You’re probably even holding a guitar and singing everyone’s favorite Central Perk open mic tune, “Smelly Cat.”
And lastly, you’re probably the most irritating B-character I’ve ever had the displeasure of looking at/listening to. WHO ARE YOU, FEMALE JOEY? You’ve got some crazy disjointed episodes about your twin, (who is obviously just fucking you so why are we suspending disbelief for a fucking second), some romance with Giovanni Ribisi (is he your brother or boyfriend? I don’t…), and some license to talk/interact with the more popular Friends that actually have lives, jobs, and sense of logic.
Maybe they feel bad for you. Maybe they find your idiosycracies charming.
Or maybe, like me, they’d just wish you’d pack your macramé bag, grab your baby no one remembers, and get the fuck off television.
If the internet had been as ubiquitous then as it was now, I guarantee you that the worry line marred Mrs. Matthews would have been googling your address and just waiting to see the sex offender registry website pop up.
Seriously, dude, fuck you. Get a life, buy some kid’s swimsuit catalogs and go move to a hut in the middle of the woods. I’m tired of watching you follow these fresh faced innocent boys through every grade of k-12 and then into college too. They have too much to live for.
By the way, you creepy old jerk, your tutelage hasn’t seemed to help these victims at all. Eric, whom you took a keen interest in, had so thoroughly devolved by the time he hit college that he didn’t even resemble the confident cool dude he once was. Cory had become an effeminate madman. Topanga a hysteric. The only cool people I saw were that redhead, that black chick, and the hot Lawrence brother. They seemed pretty normal, because they never had to stumble upon you, conveniently out in the garden once again.

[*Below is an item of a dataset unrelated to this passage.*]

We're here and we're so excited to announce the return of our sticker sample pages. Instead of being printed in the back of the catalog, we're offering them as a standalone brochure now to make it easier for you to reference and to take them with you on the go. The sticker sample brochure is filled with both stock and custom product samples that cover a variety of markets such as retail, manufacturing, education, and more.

Good luck sleeping at night, either from guilt or excitement over the new Matthews boy that the (ancient, old, most certainly menopausal) Mrs. Matthews miraculous gave birth to. Just wait at least three years before you start inviting him over to help with your azaleas and then flashing your wrinkled, nasty balls at him.

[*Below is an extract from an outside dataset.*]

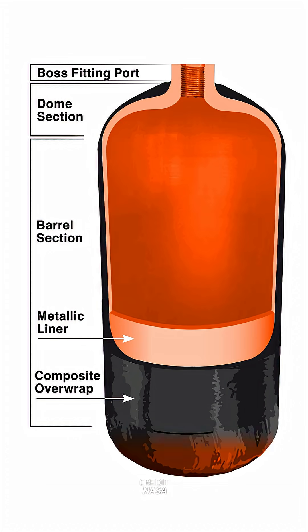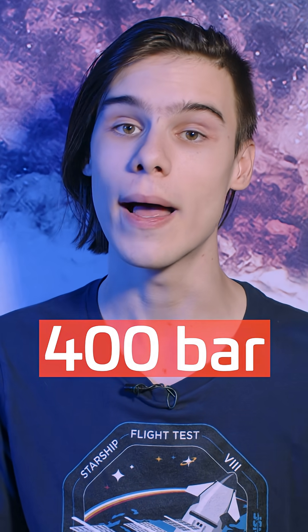COPV stands for Composite Overwrapped Pressure Vessel — a metal bottle wrapped in carbon fibre used to store high-pressure gas, on the order of 300 to 400 bar. There are several of these located inside the nose cone.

Look, JD, buddy, I know you’re amazed. We all are. We’re all amazed by the power, the mastery, the ‘je ne sais quoi’ of Criss Angel. His impact on society is insurmountable. But…why are you there? We know from the interview caption you’re his “brother”. Or you’d like us to think so. But you’re not him, JD. You’re not Criss. And pretending your presence is important is annoying and hacky. You’re nothing but a mortal piece of Long Island garbage.
So stop your tears, cut your disgusting excuse for hair, and get away from our Mindfreak.
Fuck both of you. You think your town is so goddam cute and filled with such quirky, funny people. I’ve got news for you. It’s filled with freaks. And you two are no exception. You think talking so fast makes us think you’re smart, do you? Well, let me tell you something. It just makes you sound vaguely autistic. So go to your crappy diner, eat another cheese burger, make a joke about loving coffee and a reference to a band that I’m supposed to think is cool, and then choke on a fry.
Ahh the good old days of Rock’n’Roll when men were fighters, women were lovers, and you, Rufus Humphrey, apparently mattered. Remember them?
Oh no, you couldn’t possibly. Because now you’re a busy single dad trying his best, and boy does it show:
• Trashy, whore 16-year-old daughter flees the city after your failed attempts at parenting allow her to lose her v-card to her former rapist.
• Dork, know-it-all son moves from hot blond (your stepdaughter) to arty minority girl next door (your basic stepdaughter), writing/shitting all the way through. And you’re there to wait at home in neglect, making carbonara for the children who don’t love you.
• Widowed, money-grabbing wife settles after her breadwinner dies, making you the disposable trophy husband. But you’ve still got your looks…right?
Grab your guitar, your 1-cup gourmet espresso, and your Urban Outfitters pullover and suck a fuck.
I’ve got a question for you, Garfield. Why the fuck do you hate Mondays so much? I spend my Mondays at work, like I spend my Tuesdays, Wednesdays, Thursdays and Fridays. What the fuck do you do all week? You sit around and eat, you fat asshole, so stop complaining. I hope you get feline aids and die, but that would mean you have to get laid and, you know what, I don’t see that happening you fat, lazy, rude ingrate of a cat.